> **Exercise instructions**:
Using the listing below, copy exactly each line from the one that has "green pallet truck" through the one that has "2022 Tata PUNCH"; omit the pictures.

> **Records for processing**:

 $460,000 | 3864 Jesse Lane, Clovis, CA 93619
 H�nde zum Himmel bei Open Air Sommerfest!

...

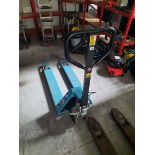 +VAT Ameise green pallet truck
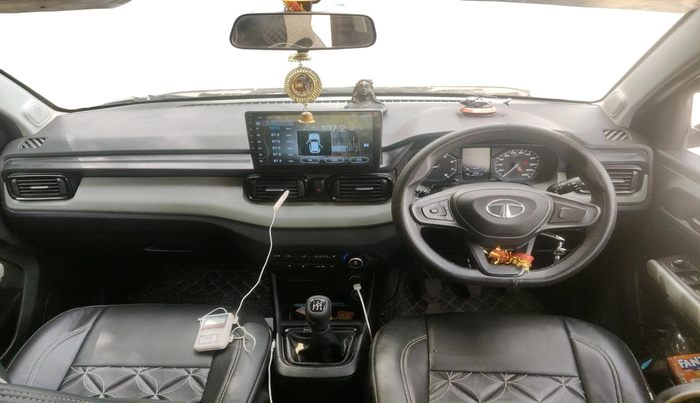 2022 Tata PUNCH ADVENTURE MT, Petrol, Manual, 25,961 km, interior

...

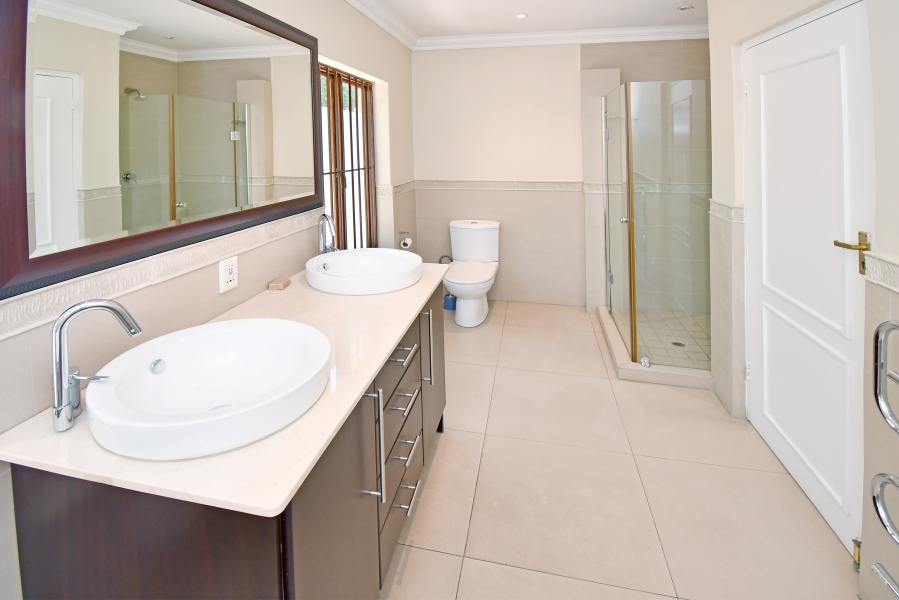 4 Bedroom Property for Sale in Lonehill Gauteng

> **Result for this task**:
 +VAT Ameise green pallet truck
 2022 Tata PUNCH ADVENTURE MT, Petrol, Manual, 25,961 km, interior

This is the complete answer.